- Problem to work on -
Word-for-word repetition of the records below is needed, but only from the line holding "before and after from Inbrace.com" through the final line, with pictures excluded.

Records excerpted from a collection
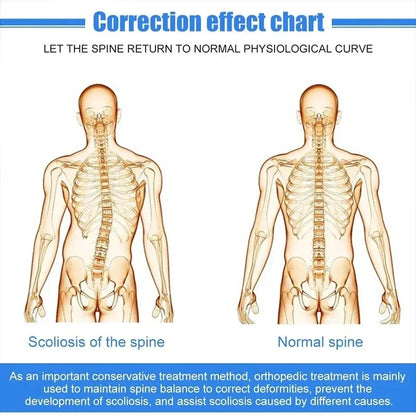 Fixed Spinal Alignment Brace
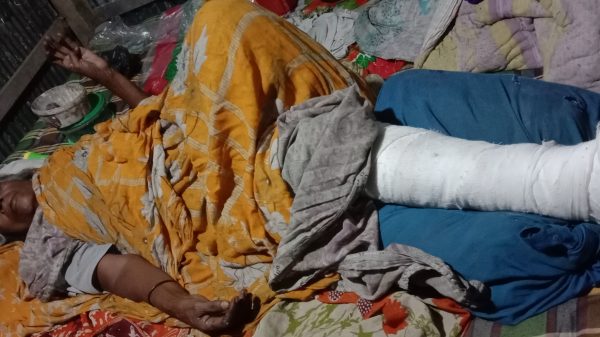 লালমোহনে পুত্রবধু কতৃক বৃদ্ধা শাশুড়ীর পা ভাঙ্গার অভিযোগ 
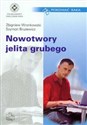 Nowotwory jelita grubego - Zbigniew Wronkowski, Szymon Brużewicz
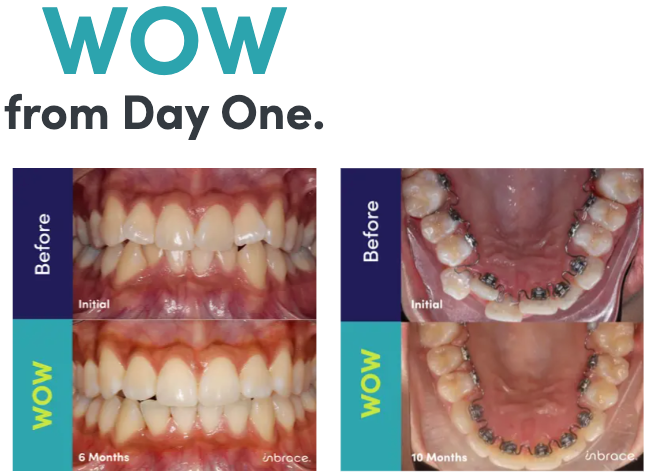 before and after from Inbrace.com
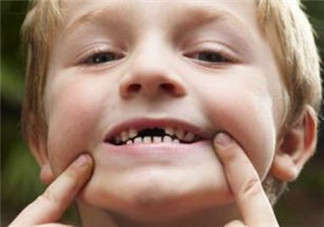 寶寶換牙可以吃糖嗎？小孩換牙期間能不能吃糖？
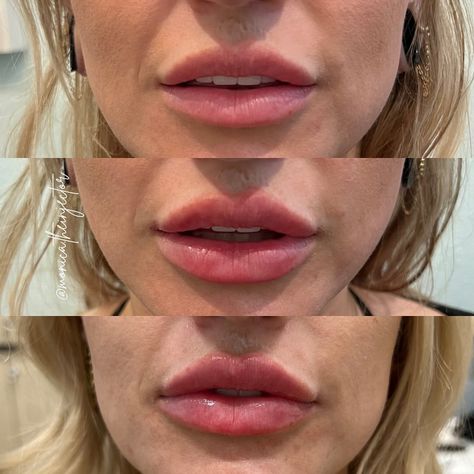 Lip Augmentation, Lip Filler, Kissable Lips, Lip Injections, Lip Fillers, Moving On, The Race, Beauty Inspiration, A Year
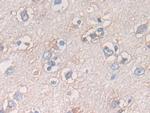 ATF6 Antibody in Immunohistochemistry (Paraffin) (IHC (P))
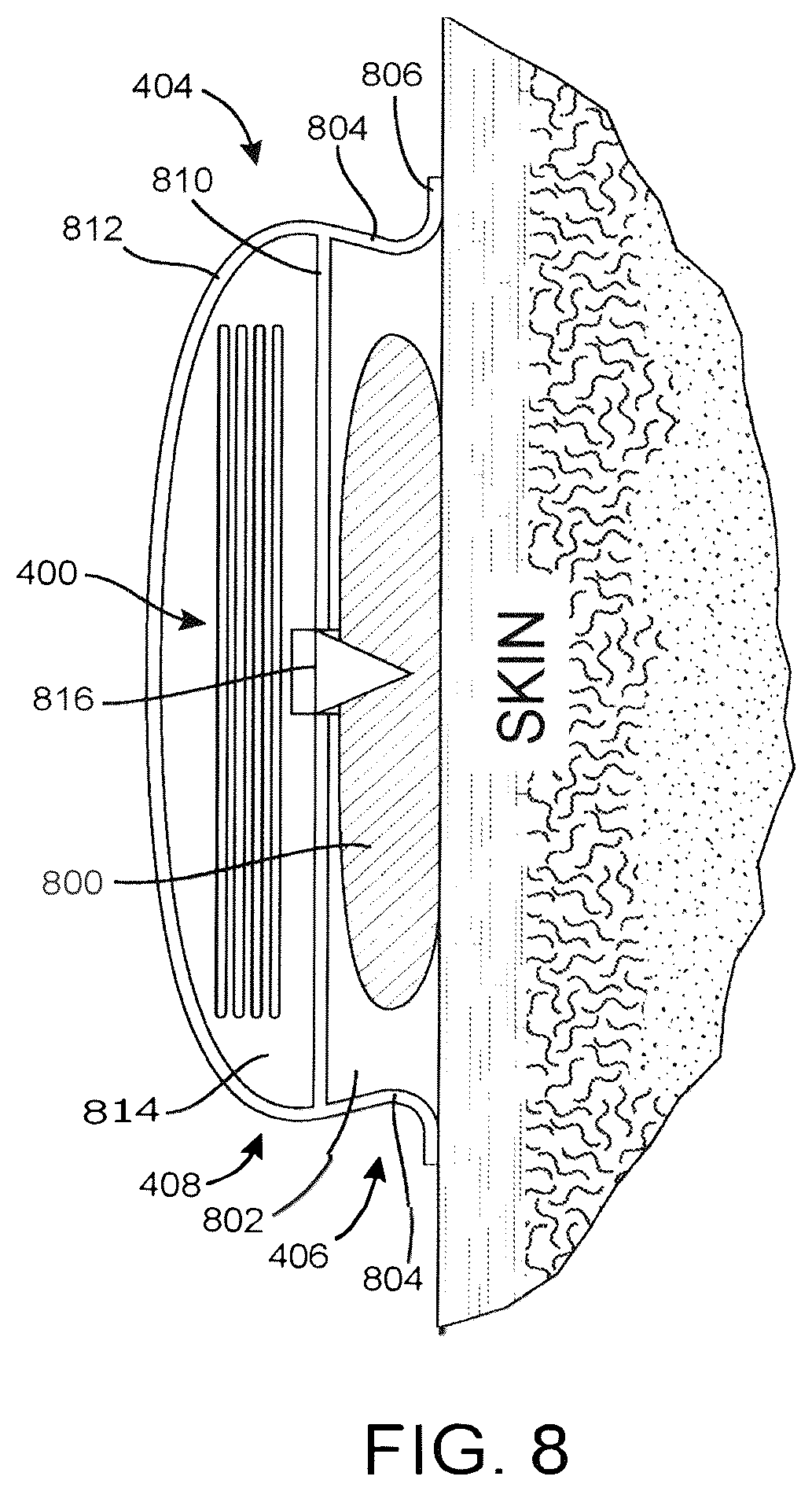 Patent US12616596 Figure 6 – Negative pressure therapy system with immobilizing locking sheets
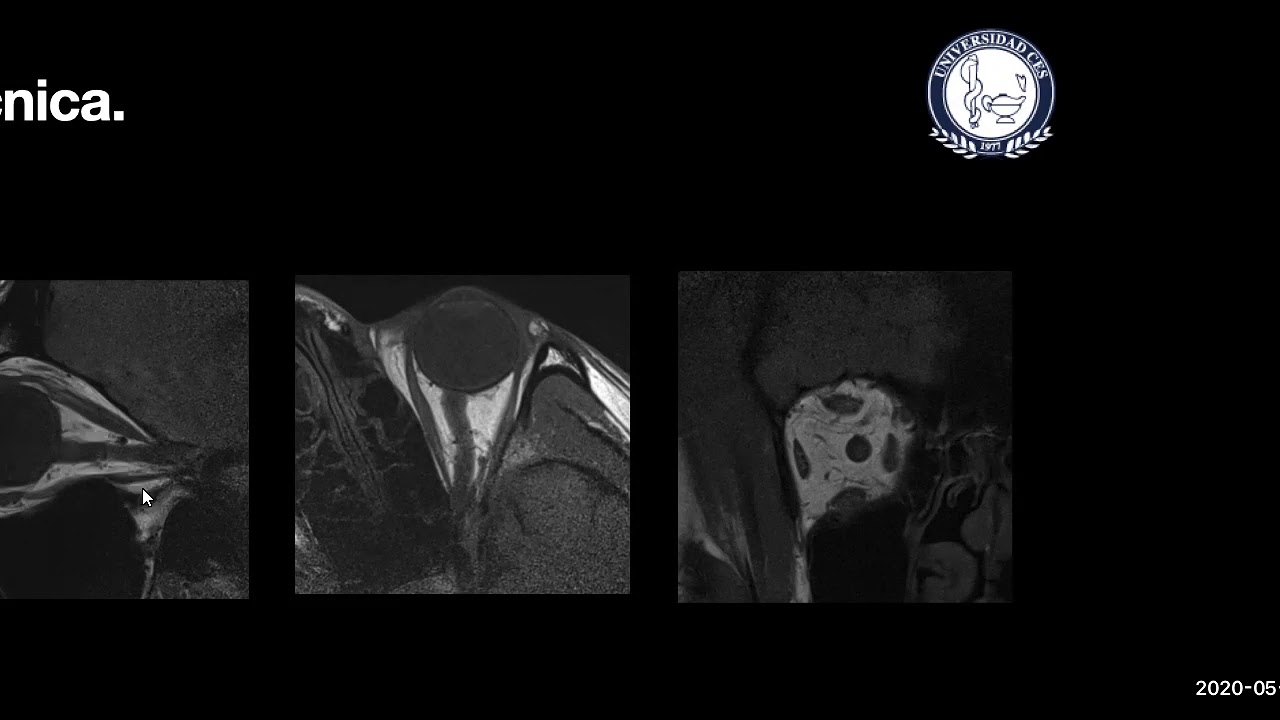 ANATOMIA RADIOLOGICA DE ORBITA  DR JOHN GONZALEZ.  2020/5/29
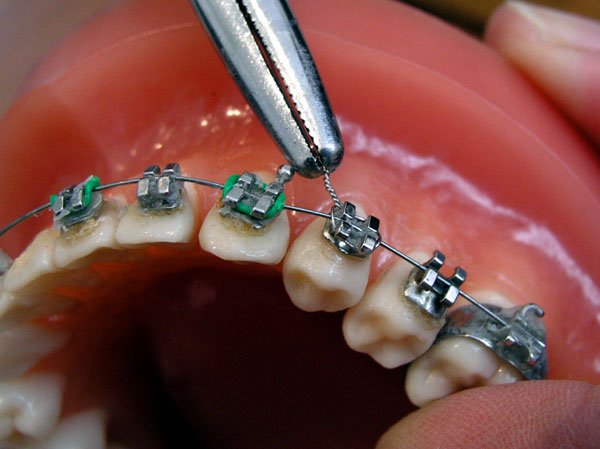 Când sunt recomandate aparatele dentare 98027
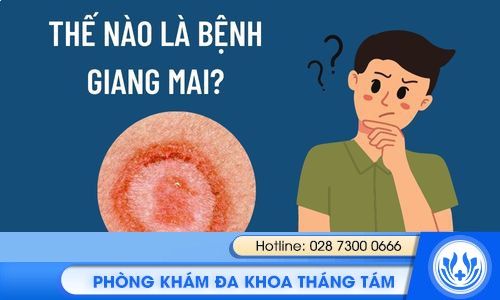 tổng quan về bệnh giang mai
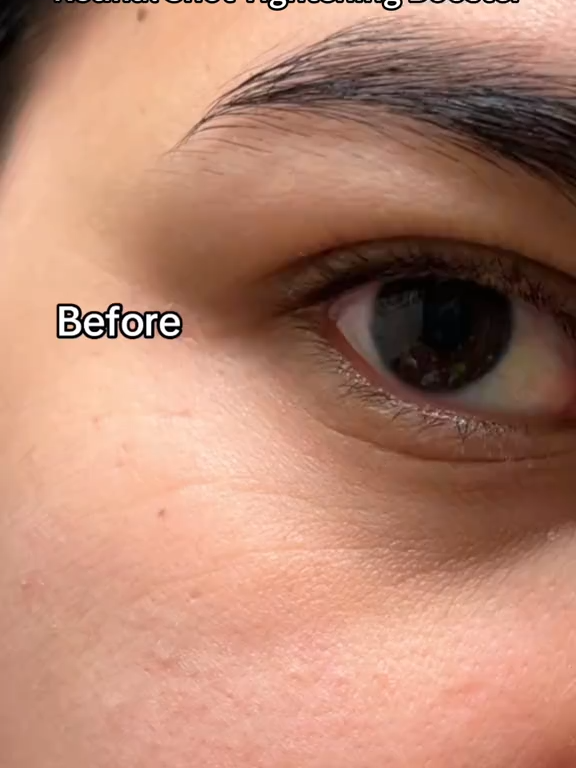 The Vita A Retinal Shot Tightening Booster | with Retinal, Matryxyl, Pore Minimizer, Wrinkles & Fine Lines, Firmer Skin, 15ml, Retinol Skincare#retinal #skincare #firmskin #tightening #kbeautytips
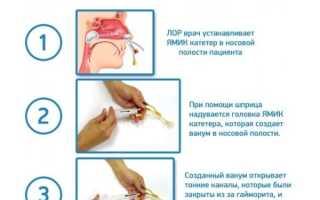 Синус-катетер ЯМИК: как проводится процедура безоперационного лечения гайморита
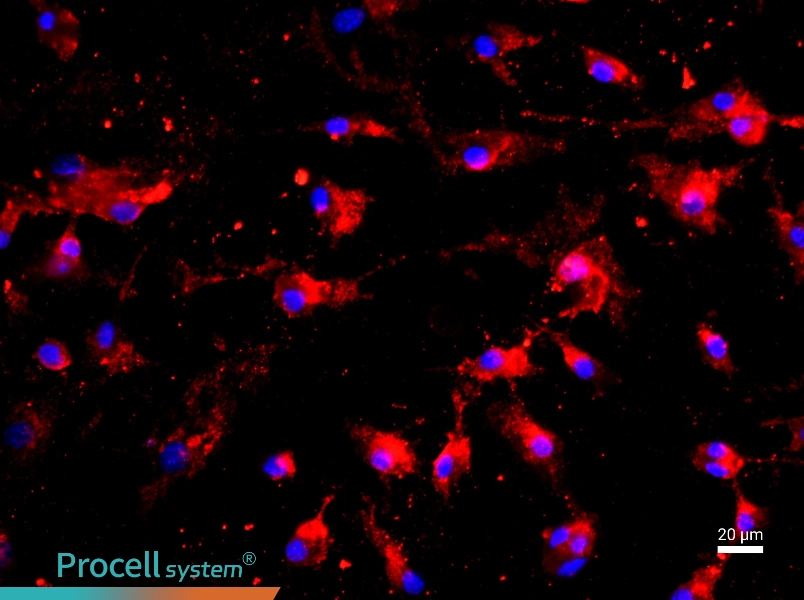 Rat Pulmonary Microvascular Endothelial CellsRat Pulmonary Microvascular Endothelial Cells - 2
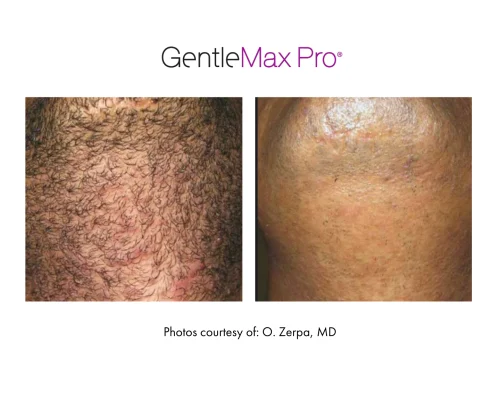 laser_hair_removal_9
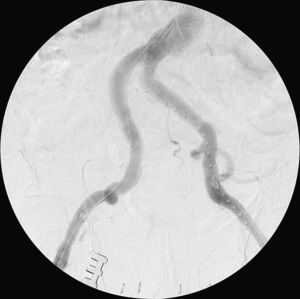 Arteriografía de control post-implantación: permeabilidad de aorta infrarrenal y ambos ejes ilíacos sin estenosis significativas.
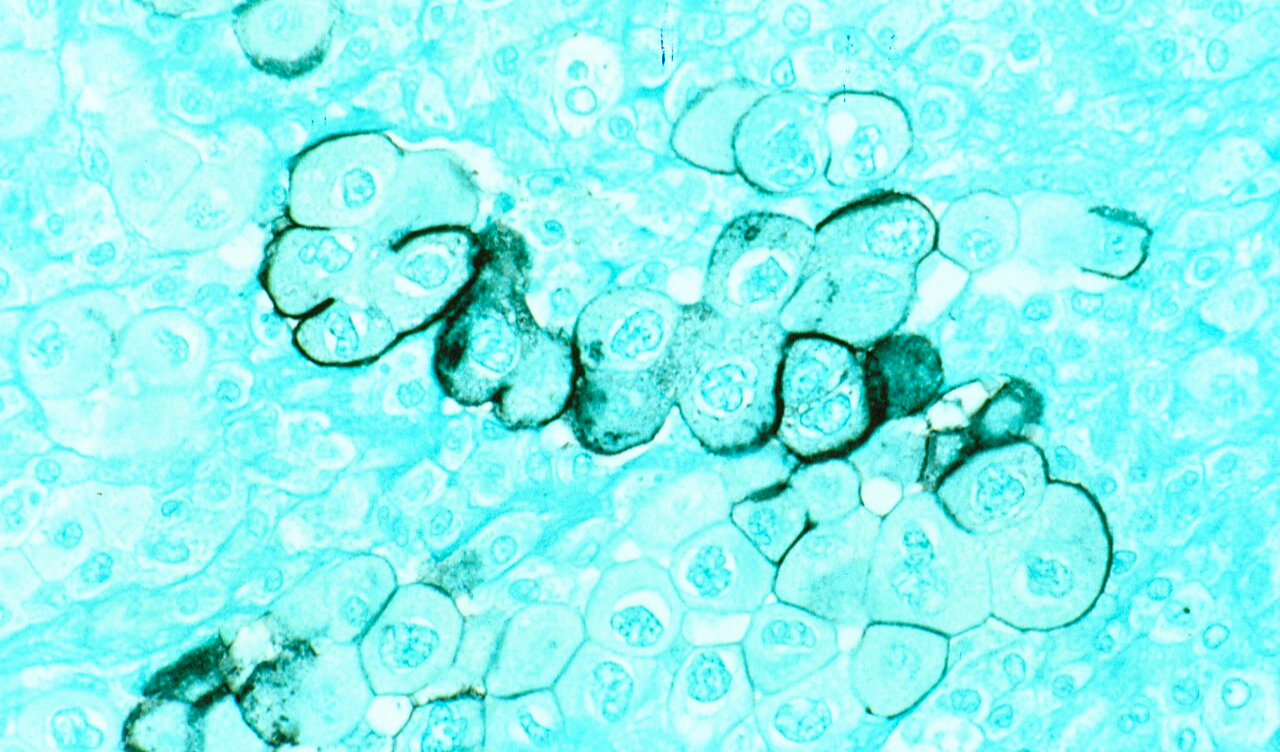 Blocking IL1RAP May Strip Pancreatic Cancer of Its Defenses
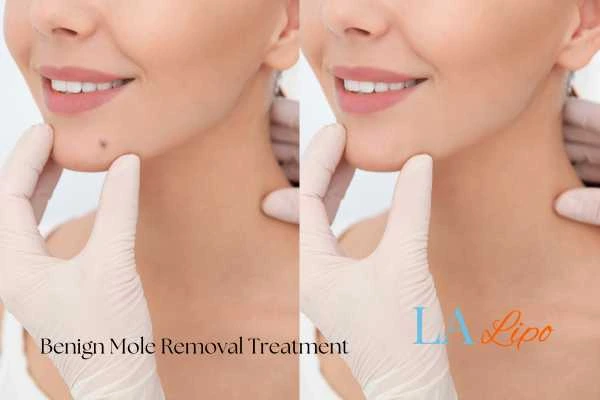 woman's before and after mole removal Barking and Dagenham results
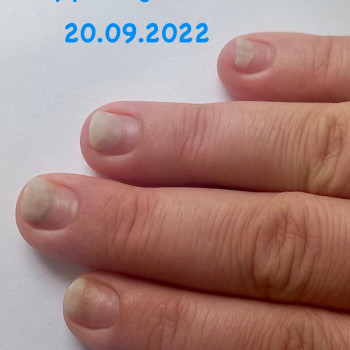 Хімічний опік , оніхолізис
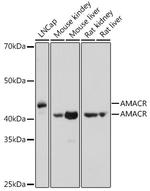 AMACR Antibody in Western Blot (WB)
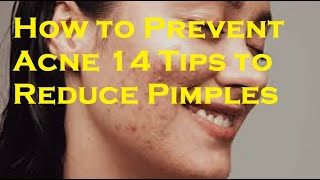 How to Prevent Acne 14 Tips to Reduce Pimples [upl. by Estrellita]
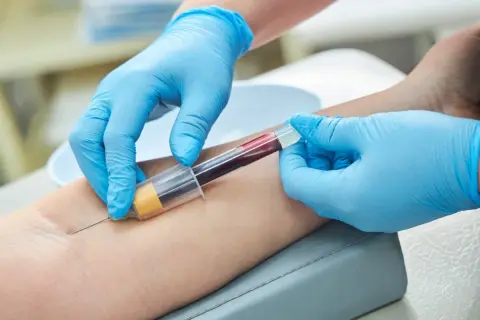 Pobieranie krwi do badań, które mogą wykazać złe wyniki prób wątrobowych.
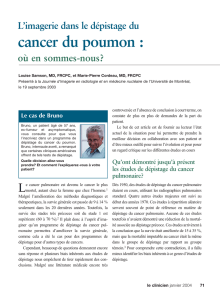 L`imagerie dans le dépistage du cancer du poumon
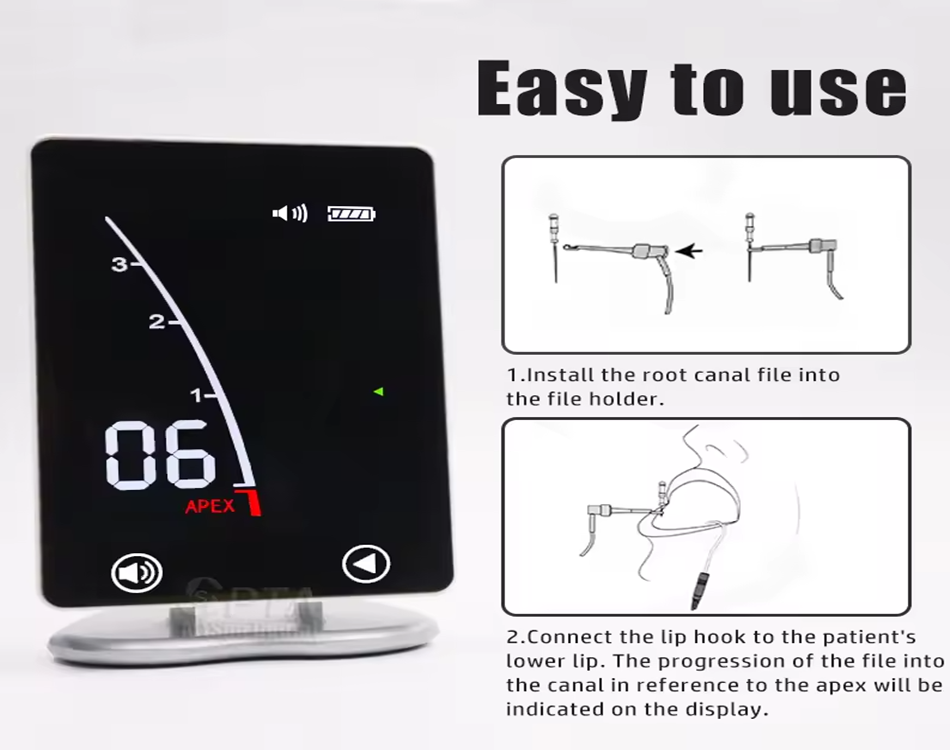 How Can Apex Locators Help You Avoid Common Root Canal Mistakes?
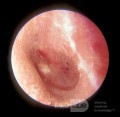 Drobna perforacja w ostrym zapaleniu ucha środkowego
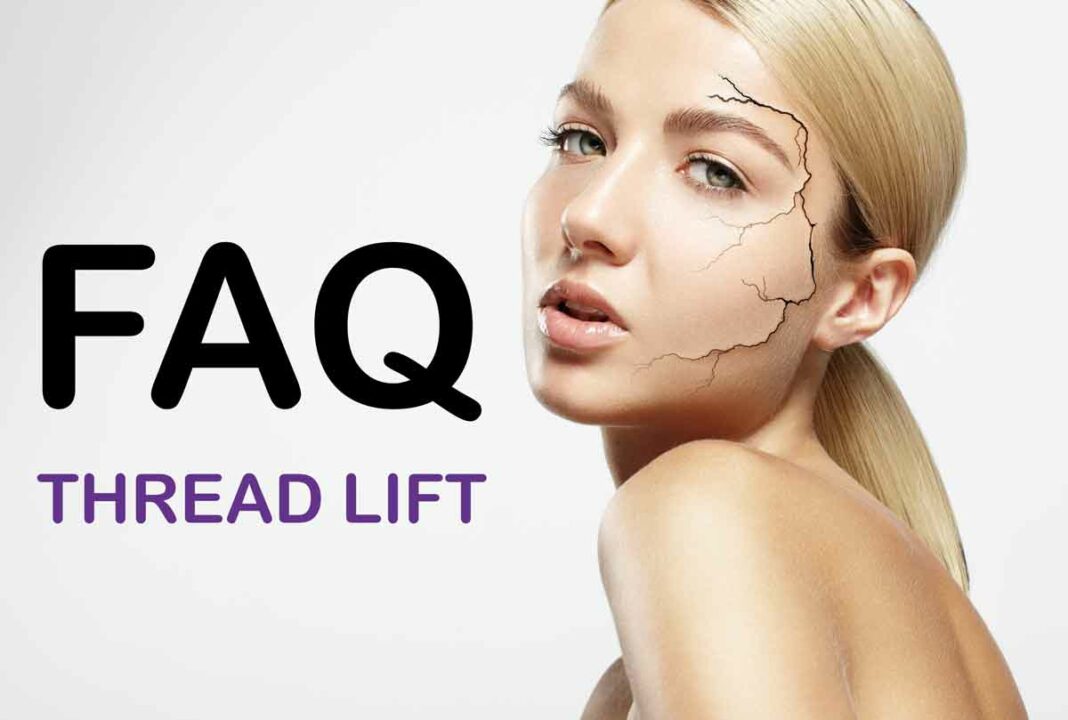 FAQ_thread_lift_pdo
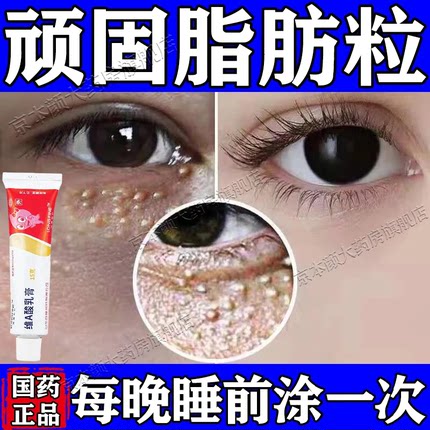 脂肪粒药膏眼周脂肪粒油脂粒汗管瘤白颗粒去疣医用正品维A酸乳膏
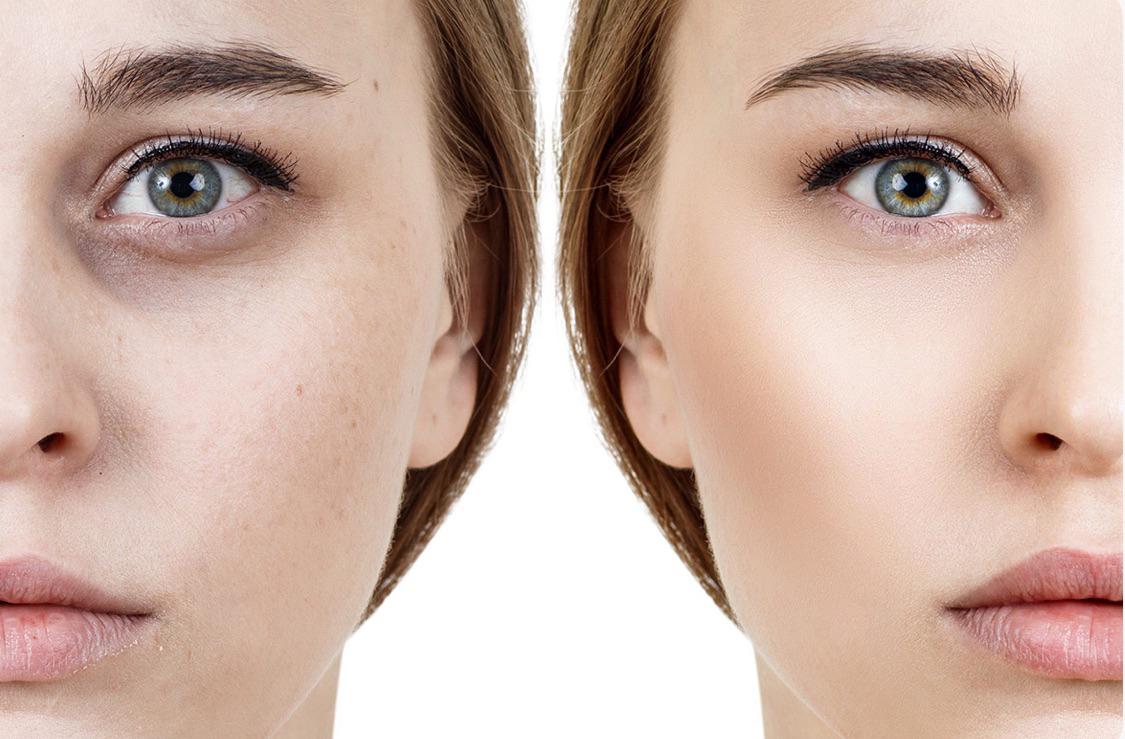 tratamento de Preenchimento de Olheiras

- Result for this exercise -
 before and after from Inbrace.com
 寶寶換牙可以吃糖嗎？小孩換牙期間能不能吃糖？
 Lip Augmentation, Lip Filler, Kissable Lips, Lip Injections, Lip Fillers, Moving On, The Race, Beauty Inspiration, A Year
 ATF6 Antibody in Immunohistochemistry (Paraffin) (IHC (P))
 Patent US12616596 Figure 6 – Negative pressure therapy system with immobilizing locking sheets
 ANATOMIA RADIOLOGICA DE ORBITA  DR JOHN GONZALEZ.  2020/5/29
 Când sunt recomandate aparatele dentare 98027
 tổng quan về bệnh giang mai
 The Vita A Retinal Shot Tightening Booster | with Retinal, Matryxyl, Pore Minimizer, Wrinkles & Fine Lines, Firmer Skin, 15ml, Retinol Skincare#retinal #skincare #firmskin #tightening #kbeautytips
 Синус-катетер ЯМИК: как проводится процедура безоперационного лечения гайморита
 Rat Pulmonary Microvascular Endothelial CellsRat Pulmonary Microvascular Endothelial Cells - 2
 laser_hair_removal_9
 Arteriografía de control post-implantación: permeabilidad de aorta infrarrenal y ambos ejes ilíacos sin estenosis significativas.
 Blocking IL1RAP May Strip Pancreatic Cancer of Its Defenses
 woman's before and after mole removal Barking and Dagenham results
 Хімічний опік , оніхолізис
 AMACR Antibody in Western Blot (WB)
 How to Prevent Acne 14 Tips to Reduce Pimples [upl. by Estrellita]
 Pobieranie krwi do badań, które mogą wykazać złe wyniki prób wątrobowych.
 L`imagerie dans le dépistage du cancer du poumon
 How Can Apex Locators Help You Avoid Common Root Canal Mistakes?
 Drobna perforacja w ostrym zapaleniu ucha środkowego
 FAQ_thread_lift_pdo
 脂肪粒药膏眼周脂肪粒油脂粒汗管瘤白颗粒去疣医用正品维A酸乳膏
 tratamento de Preenchimento de Olheiras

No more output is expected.